Clinic for Psychiatry and Psychotherapy II, Ulm University, Department of Psychotherapeutic Medicine and Psychosomatics, Bezirkskrankenhaus Günzburg, Germany.
Psychiatry Res. 2010 Dec 30;184(3):196-200. doi: 10.1016/j.pscychresns.2010.03.009.
The prevalence of arachnoid cysts (AC) is considerably increased in psychiatric patients, suggesting a possible causal relationship between AC and certain psychiatric disorders. Neurosurgery of AC in psychiatric disorders is, however, not recommended if no accompanying neurological symptoms or signs of increased intracranial pressure are present. In two cases of slow onset personality disorder in persons suffering from so-called asymptomatic AC, we performed AC neurosurgery beyond established rules.
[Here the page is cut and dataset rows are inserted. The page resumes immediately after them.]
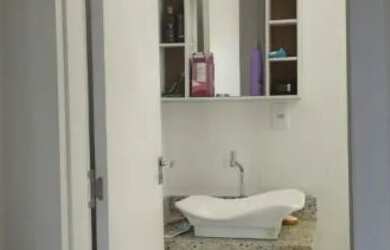 Imagem 14: Edícula temporada diária praia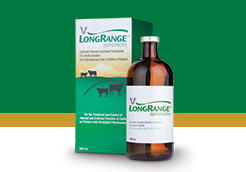 LONGRANGE LONGRANGE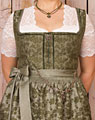 "Wettstetten" Dirndl mit Schürze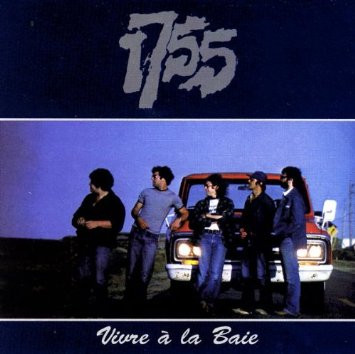 1755 - Vivre À La Baie | ISBA (K 5004) 1755 - Vivre À La Baie | ISBA (K 5004)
Both comparisons before and after neurosurgery of psychopathology and the following long-term course support in retrospect that both cases might be re-diagnosed as having suffered from 'minor' organic personality disorders before AC neurosurgery, which improved thereafter. The two cases did not initially appear to fulfill the established criteria for organic personality disorders either according to ICD-10 or DSM-IV, but in retrospect satisfied most criteria. In themselves, the personality disorders appeared not very severe, but had considerable relevance for the patients' lives. The established rules for AC neurosurgery should be reconsidered at least when therapy-resistant psychiatric disorders are observed in AC sufferers.
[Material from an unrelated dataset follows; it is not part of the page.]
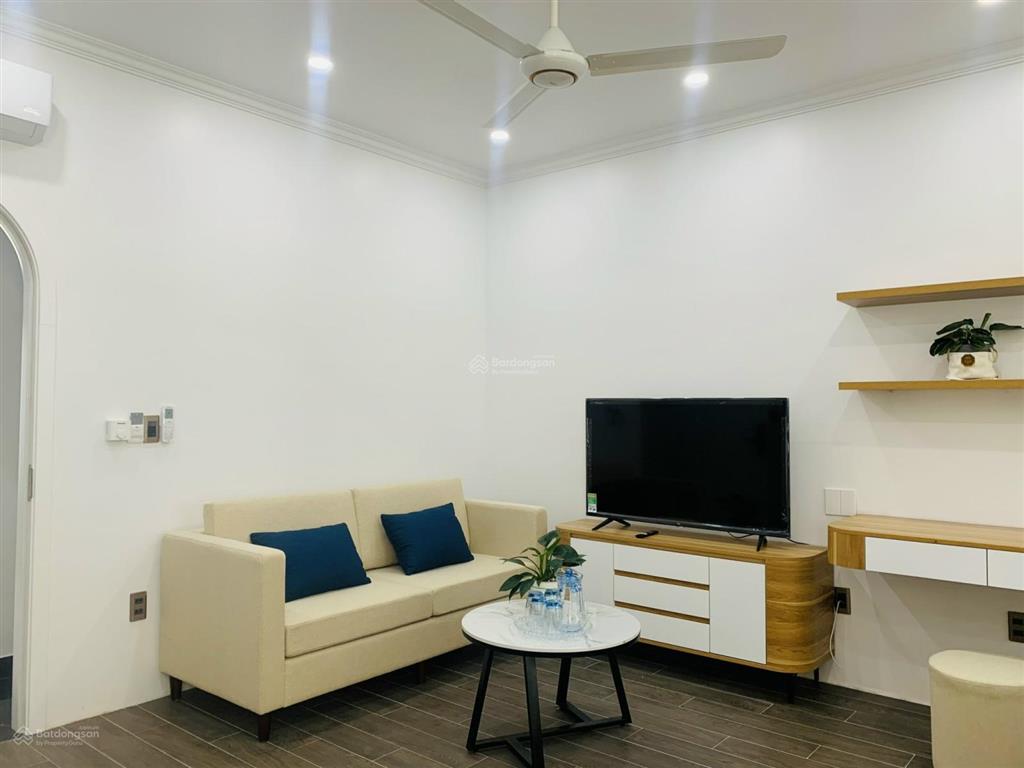 Cho thuê căn hộ riêng biệt kđt làng việt kiều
蛛网膜囊肿(AC)在精神科患者中的发病率明显增高,这表明 AC 与某些精神疾病之间可能存在因果关系。然而,如果没有伴随神经症状或颅内压升高的迹象,不建议对精神疾病中的 AC 进行神经外科手术。在两名患有所谓无症状 AC 的缓慢起病人格障碍患者中,我们超出既定规则进行了 AC 神经外科手术。神经外科手术前后的精神病理学比较以及随后的长期病程回顾支持这样一种观点,即这两种情况可能在 AC 神经外科手术前被重新诊断为患有“轻微”器质性人格障碍,此后有所改善。根据 ICD-10 或 DSM-IV,这两个病例最初似乎都不符合器质性人格障碍的既定标准,但回顾起来,它们符合大多数标准。这些人格障碍本身似乎并不十分严重,但对患者的生活有很大影响。至少在观察到 AC 患者出现治疗抵抗性精神障碍时,应重新考虑 AC 神经外科手术的既定规则。